Provisioning in Vagrant
There is a lot of choices when you want to provision your virtual machine with vagrant:
1. Run scripts manually - completely insane idea
2. Run shell scripts inline or not
3. Use chef or puppet
The first one is good only for testing, trying, ..., but it is insane if you want to provision all machines like this.
The second one is looks quite optimistic, especially if you don't know what are tools from third point.
Today I will try to present how to setup storm project on vagrant machine using only shell provisioning. To simplify the operation I will use tutorial from Hortonworks: http://docs.hortonworks.com/HDPDocuments/HDP2/HDP-2.1-latest/bkinstallingmanuallybook/content/chrpm_storm.html
1000 words which describe my work looks like:
Step .0. Choosing and preparing machine
First we need to create directory and init vagrant so let's do this:
mkdir storm-vagrant
cd storm-vagrant
vagrant init
I will use centos box which I downloaded before (you can use URL instead of file). Why Centos you asked? Because in many companies the only allowed Linux is Red Hat.
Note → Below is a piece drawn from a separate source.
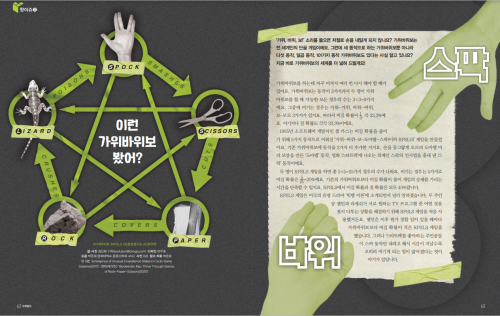 이런  가위바위보  봤어?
Centos is closed enough. So let's add the box:
vagrant box add "centos-6.5" file:///c:/vagrantfiles/CentOS-6.4-i386-v20131103.box
In vagrant file we need to change our box name so
config.vm.box = "base"
becomes config.vm.box = "centos-6.5"
Step .1. Configure network
We will need network access to guest machine. It can be done in two ways:
1. Using port forwarding
2. Setting IP adress for guest machine.
I will add code to enable private network in machine so vagrantfile will look like below.:
# -*- mode: ruby -*-
# vi: set ft=ruby :
# Vagrantfile API/syntax version. Don't touch unless you know what you're doing!
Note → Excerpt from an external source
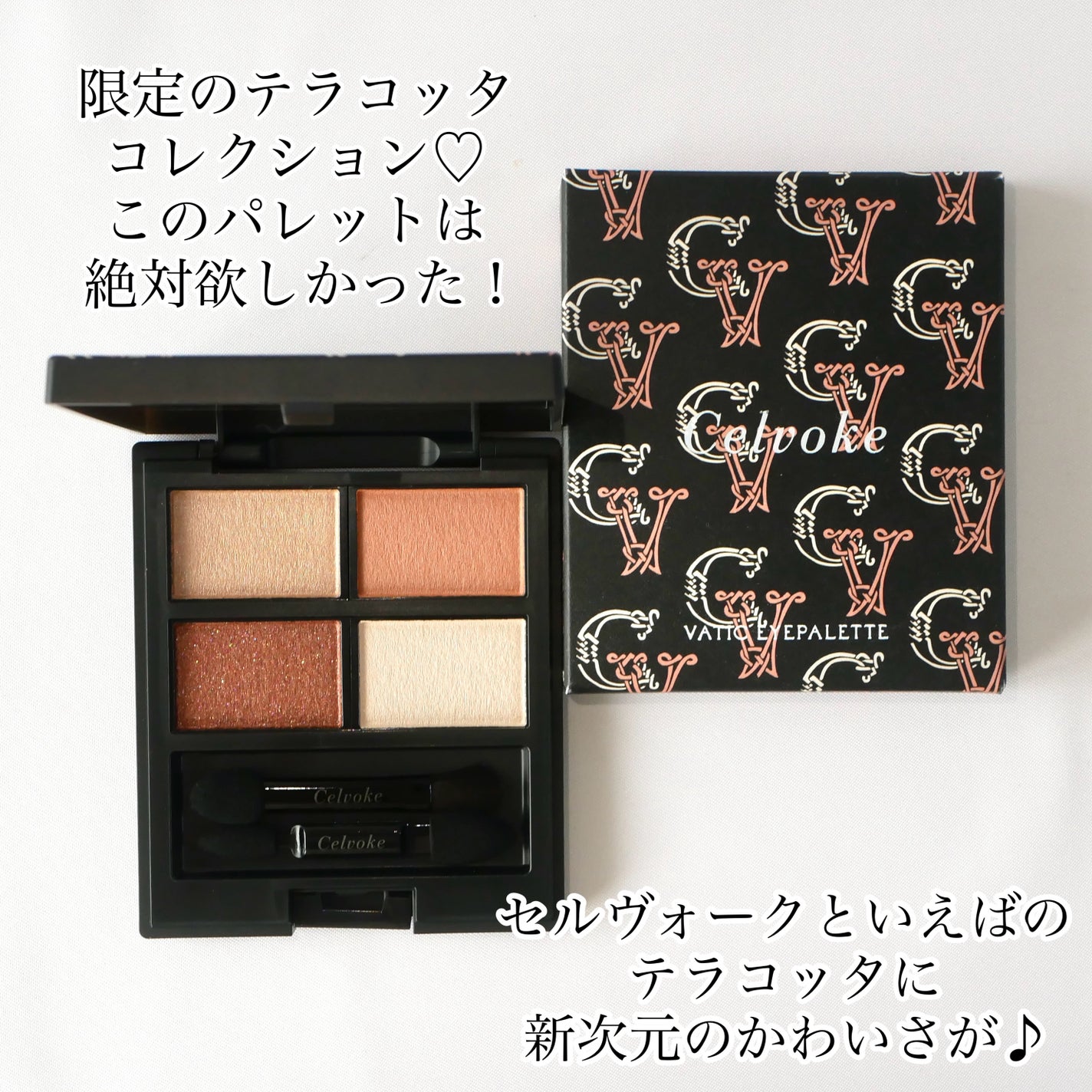 セルヴォーク ヴァティック アイパレット/Celvoke/アイシャドウパレットを使ったクチコミ(2枚目)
VAGRANTFILE_API_VERSION = "2"
Vagrant.configure(VAGRANTFILE_API_VERSION) do |config|
# All Vagrant configuration is done here. The most common configuration
# options are documented and commented below. For a complete reference,
# please see the online documentation at vagrantup.com.
# Every Vagrant virtual environment requires a box to build off of.
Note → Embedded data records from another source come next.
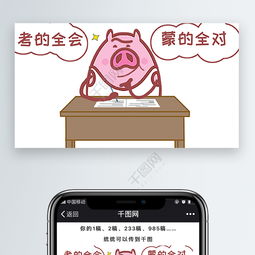 pp猪爱学习猪表情包新媒体文章配图免费下载文章配图配图2000像素千图网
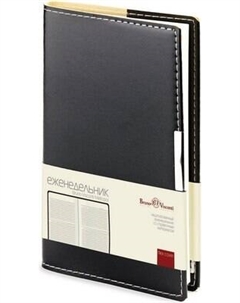 Еженедельник Bruno Visconti Metropol / 3-492/03 Bruno visconti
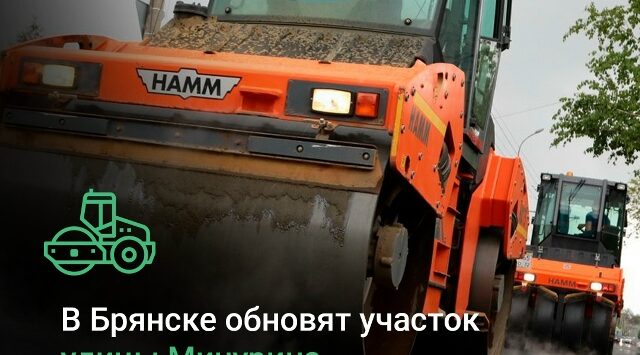 У средней школы № 25 в Брянске уложат новый асфальт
config.vm.box = "centos-6.5"
config.vm.network "private_network", ip: "192.168.33.10"
Caution: In next code listings I will only append above lines.
Now we are ready to run:
vagrant up
After the above command is complete (don't worry about read color on console), let's explore our box. Run vagrant ssh
and you are inside. Check what you want and logout from the machine.
Step .2. Installing storm rpms.
According to " Chapter 1. Getting Ready to Install" we need to configure remote repositories. For Centos 6 the line is:
wget -nv http://public-repo-1.hortonworks.com/HDP/centos6/2.x/updates/2.1.5.0/hdp.repo -O /etc/yum.repos.d/hdp.repo
So let's change our vagrant file to (first two lines already exist in our file):
config.vm.box = "centos-6.5"
config.vm.network "private_network", ip: "192.168.33.10"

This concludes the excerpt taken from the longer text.